夕霧 その六十一

 夕霧からは毎日見舞いがある。心細そうにしている念仏の僧などの気分がまぎれるようにと何かと慰問の品が届けられたり、女二の宮のもとには手紙にしみじみと情熱をこめた言葉を尽くしてその冷たい態度を恨むとともにまた一方では女二の宮の悲しみを限りなく慰め、お悔やみを言うが、女二の宮はそれを手に取ろうとせず、一切見ることはない。


 あの根拠のないあさましい一件を母君が重態ですっかり弱った心に疑いもなく真実と信じ込んだまま、亡きなってしまったことを思い出すと、そのことが成仏の障りになるのではないかと胸もつまるように思う。この人のことをちらとでも耳にするだけでさえ、ひどく恨めしく辛がって涙を催す。

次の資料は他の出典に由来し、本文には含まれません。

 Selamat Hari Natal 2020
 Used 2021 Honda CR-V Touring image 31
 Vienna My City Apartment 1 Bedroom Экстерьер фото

 女房たちも夕霧に何ととりなしていいやら途方にくれている。


 女二の宮から一行の返事さえもらえないのを、夕霧ははじめのうちは悲嘆のあまりのことと思うのだが、それがあまりに長く続くので、どんな悲しみにも限度はあるはずなのに、どうしてこうも人の気持ちをまったくわかってくれないのか、まるで聞き分けもない子供のような人だと恨めしくてならないのだった。